Data in this exercise>
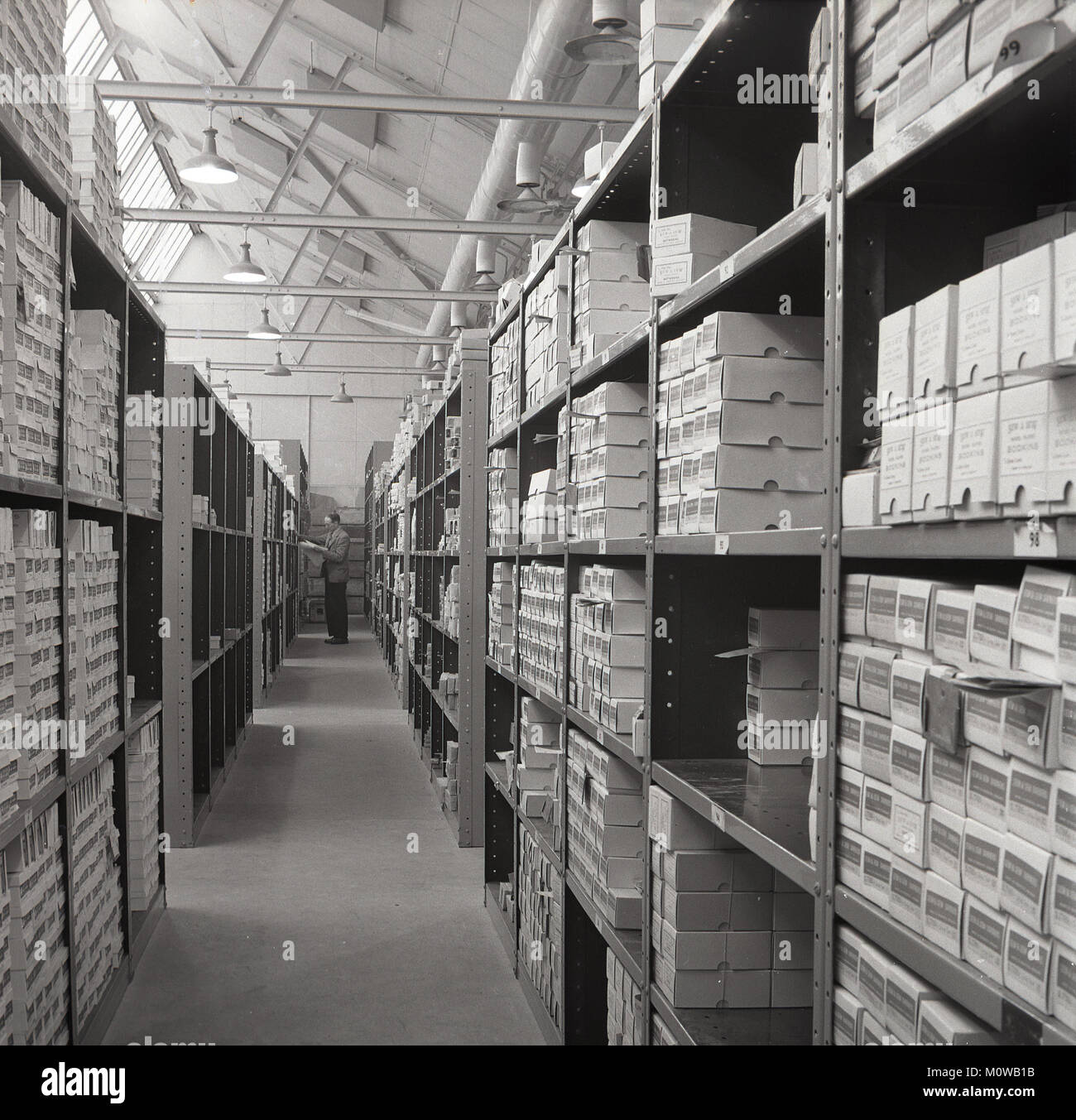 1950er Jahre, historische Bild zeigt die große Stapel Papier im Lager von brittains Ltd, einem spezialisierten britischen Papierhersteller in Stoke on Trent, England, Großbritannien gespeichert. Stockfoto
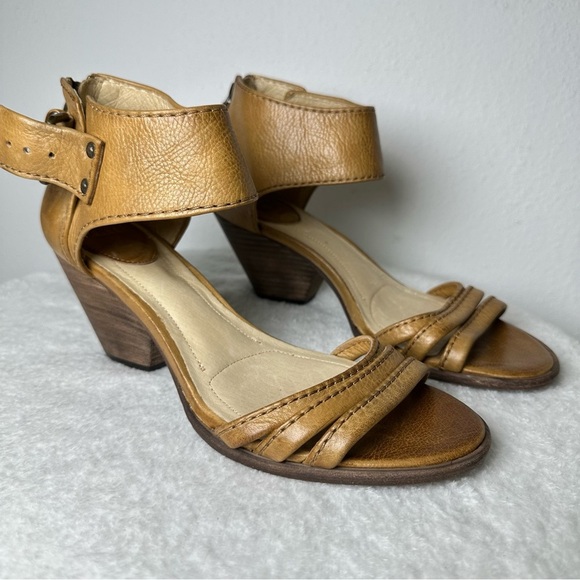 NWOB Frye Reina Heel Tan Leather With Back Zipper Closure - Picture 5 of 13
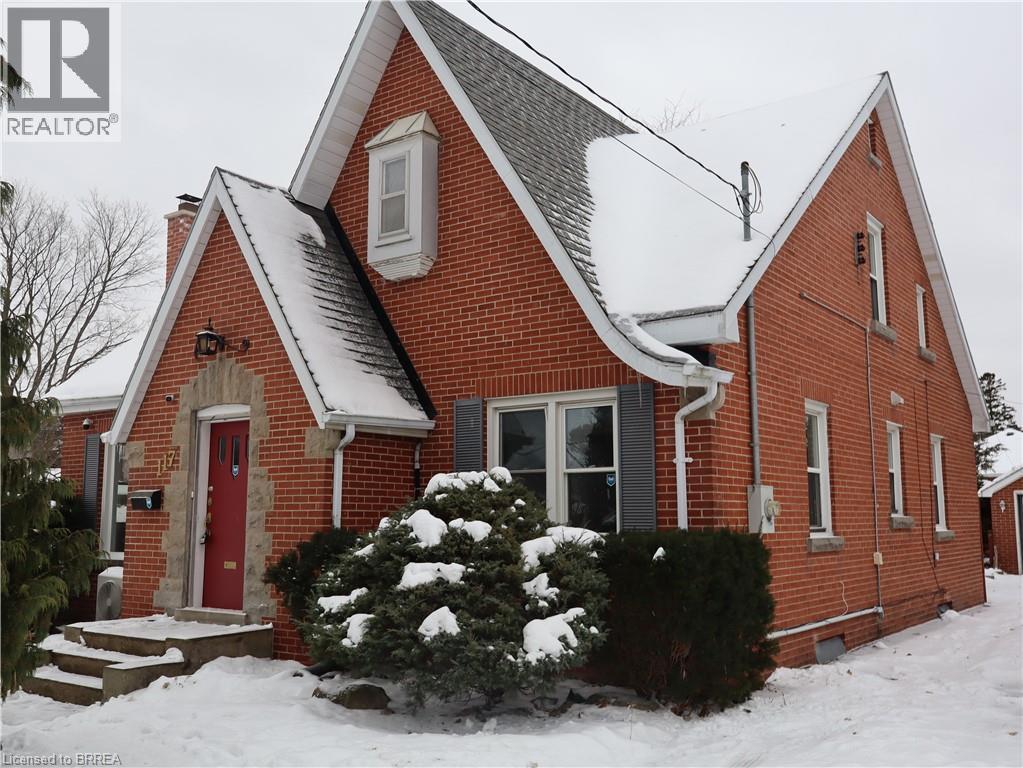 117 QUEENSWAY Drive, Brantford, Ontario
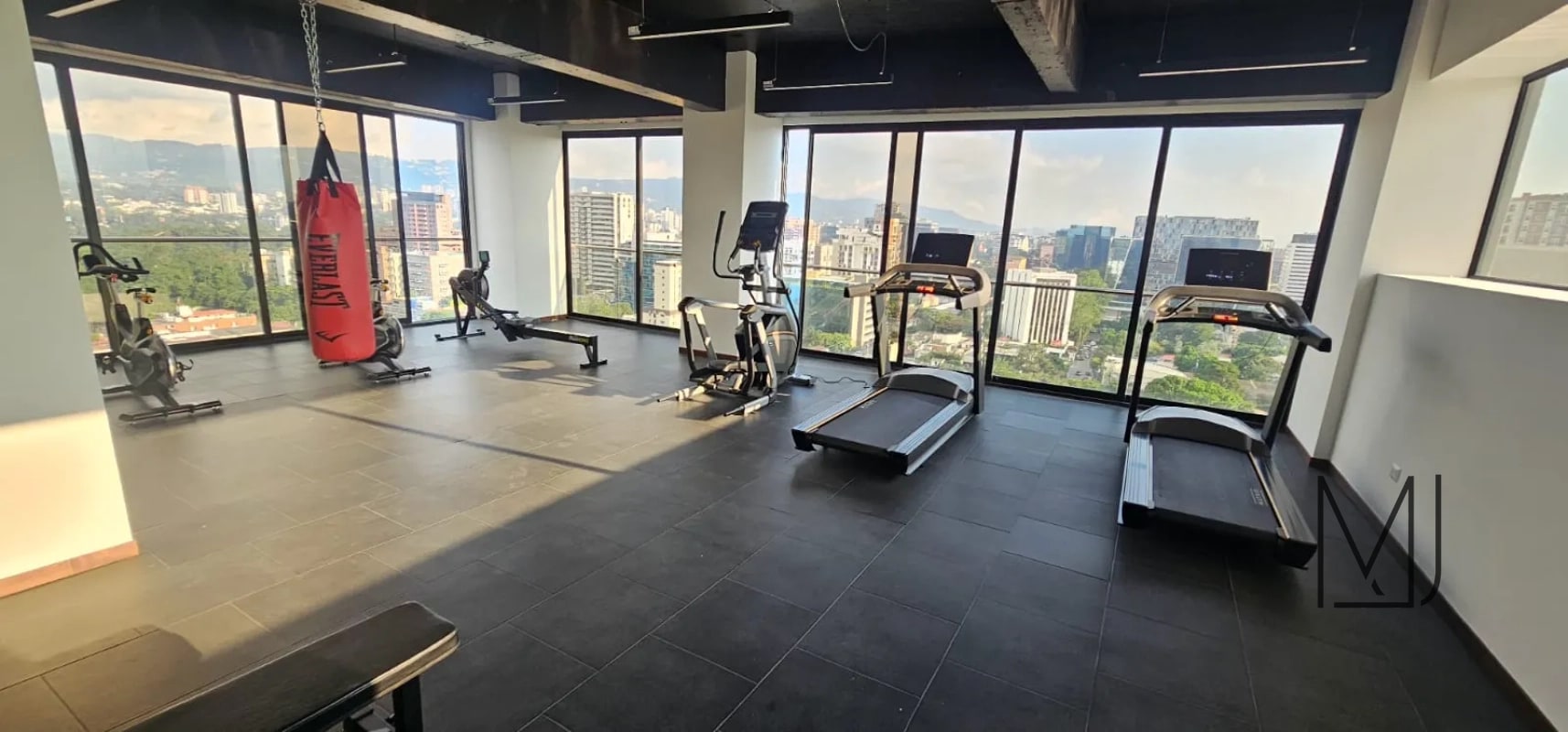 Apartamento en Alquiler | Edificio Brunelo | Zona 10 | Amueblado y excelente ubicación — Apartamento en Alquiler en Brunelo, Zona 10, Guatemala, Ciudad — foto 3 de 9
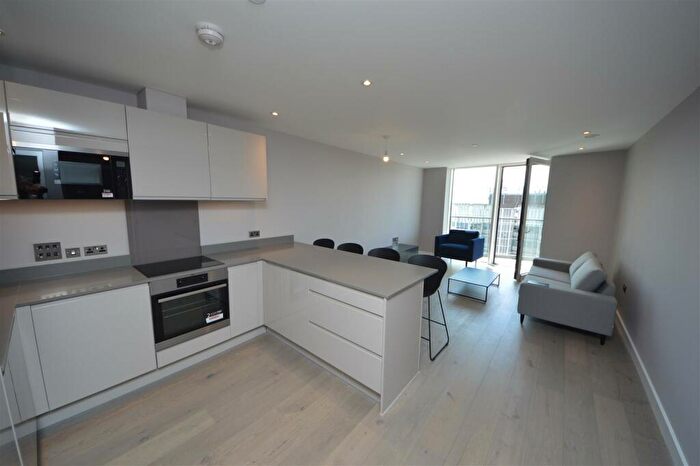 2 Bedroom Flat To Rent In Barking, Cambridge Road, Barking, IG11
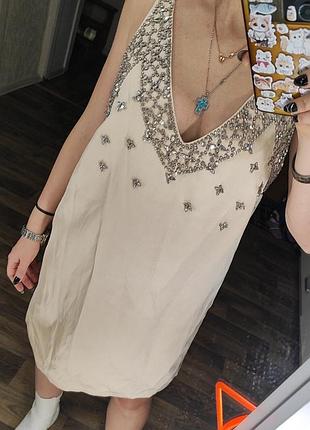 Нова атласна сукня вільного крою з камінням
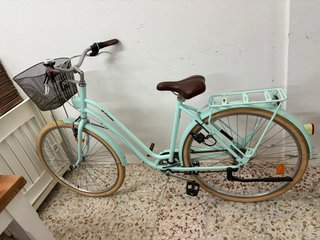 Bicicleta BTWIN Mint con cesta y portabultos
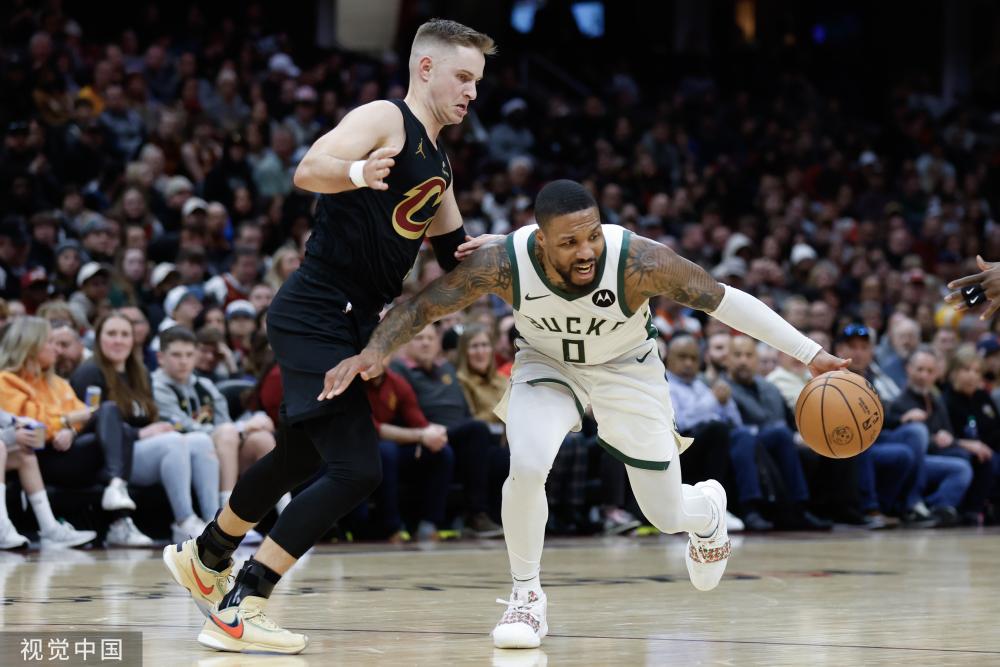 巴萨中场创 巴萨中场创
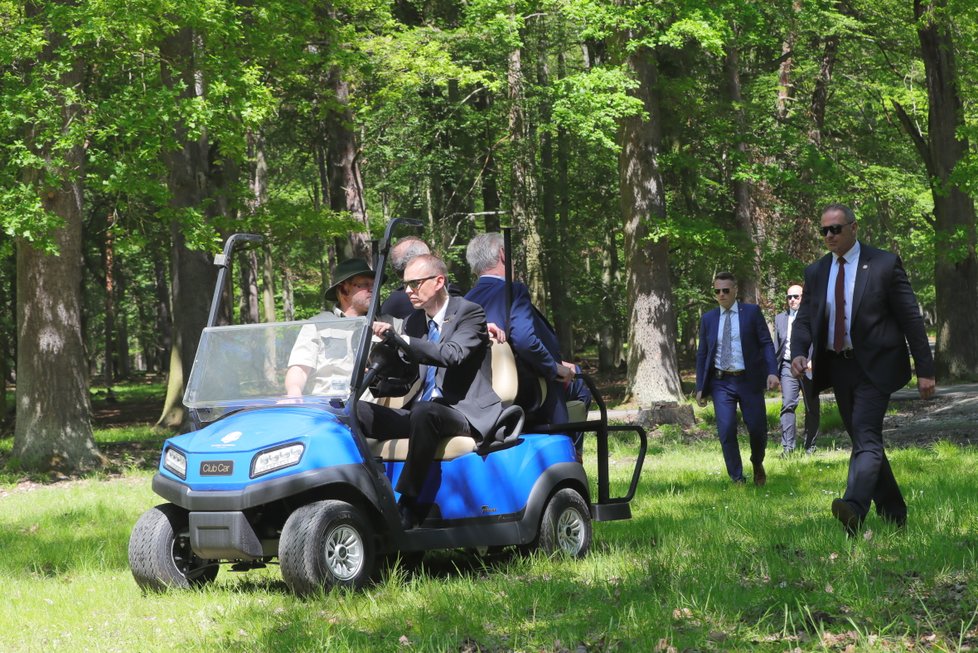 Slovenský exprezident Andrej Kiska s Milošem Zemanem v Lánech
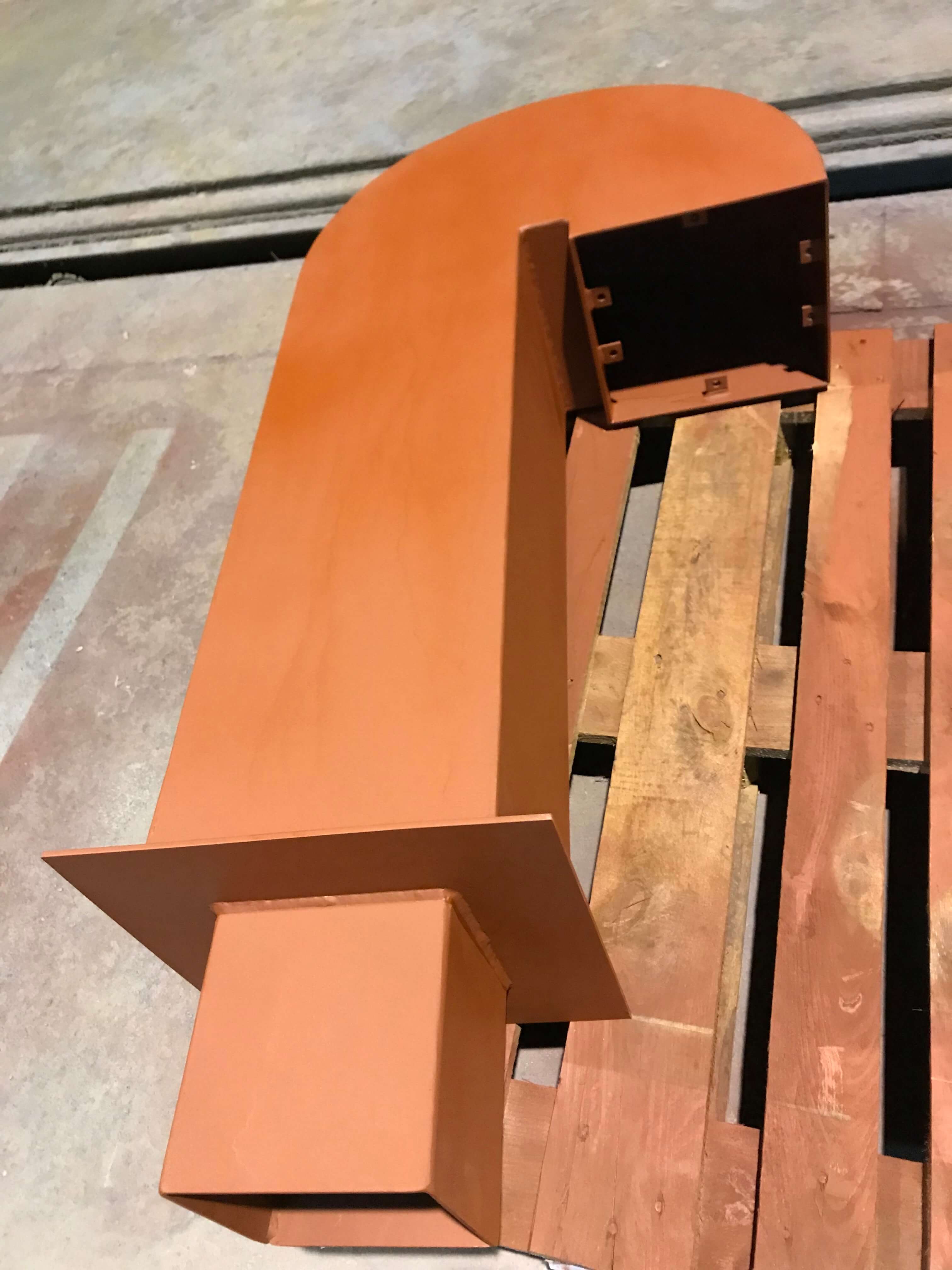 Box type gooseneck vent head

Instructions for the task> Output the whole listing without change. Any picture is to be left out.

Output of the task>
 1950er Jahre, historische Bild zeigt die große Stapel Papier im Lager von brittains Ltd, einem spezialisierten britischen Papierhersteller in Stoke on Trent, England, Großbritannien gespeichert. Stockfoto
 NWOB Frye Reina Heel Tan Leather With Back Zipper Closure - Picture 5 of 13
 117 QUEENSWAY Drive, Brantford, Ontario
 Apartamento en Alquiler | Edificio Brunelo | Zona 10 | Amueblado y excelente ubicación — Apartamento en Alquiler en Brunelo, Zona 10, Guatemala, Ciudad — foto 3 de 9
 2 Bedroom Flat To Rent In Barking, Cambridge Road, Barking, IG11
 Нова атласна сукня вільного крою з камінням
 Bicicleta BTWIN Mint con cesta y portabultos
 巴萨中场创 巴萨中场创
 Slovenský exprezident Andrej Kiska s Milošem Zemanem v Lánech
 Box type gooseneck vent head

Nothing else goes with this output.